Glyde’s musical background in the drum corps activity is rooted in percussion. A drummer with the Troopers, Santa Clara Vanguard and the Blue Devils in the 1980s, he joined the staff of the Blue Devils in 1992 as a caption manager and arranger.
In 2003 he assumed the role of music director, a position in which he is charged with overseeing the overall design of the corps’ productions, ensuring that the musical ideas across the ensemble fit with and work to enhance the overall visual design of a show.
“Dave’s fresh and imaginative approach has set new standards in marching music year after year,” said 2022 DCI Hall of Fame inductee Richard Saucedo. “As a percussionist, his use of tempo and meter creates the perfect background for cutting-edge chord progressions and melodic material. Dave literally reinvents himself each time he designs a program and that leads to new directions and new standards for drum corps compositions and arrangements.”
Working with a diverse team of artists within the Blue Devils, many with varying viewpoints and concepts, Glyde sits in a unique position on the design staff to ensure everyone’s ideas are accounted for and pulled together into one cohesive package.
“Dave possesses a very unique ability to manipulate a myriad of ideas from multiple people into a focused and effective thought,” said DCI Hall of Fame member John Meehan. “Without Dave's amazing work at cultivating, coordinating, and executing these individual ideas, plus his own brilliant creativity, the Blue Devils, and drum corps, would not be where they are now.”
Within a drum corps organization as perennially successful as the Blue Devils where ego could rightfully play a dominant trait, Saucedo says that watching Glyde work with the California corps is a “lesson in humility.”

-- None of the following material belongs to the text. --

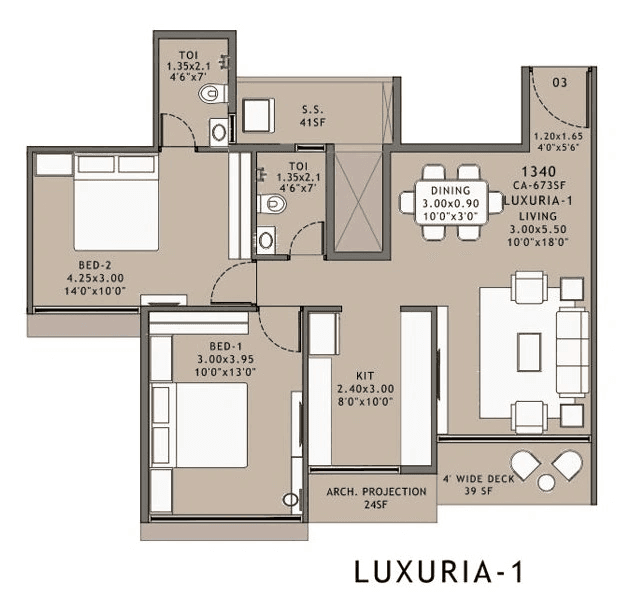 Platinum Parksyde Unit plan - 777 sq.ft.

“Dave is about ‘team’ first and has always been about promoting and supporting Drum Corps International,” Saucedo said.
“He is calm, humble, and driven to bring standard-setting and innovative musical creations to the activity — without concern for personal credit,” Gibbs added.
Perhaps one of Glyde’s most significant contributions to the ongoing development of the drum corps art form was his early adoption of and support for electronics and amplification. But that’s just one example of his ability to continually reinvent his methods and bring new and original ideas to the table.
“His innovative approach to producing the musical book truly set the foundation for the Blue Devils’ successes over the years,” Gibbs said. “His show designs consistently bring a cutting-edge, innovative, fearless, inventive, and ground-breaking sound to the activity year after year.”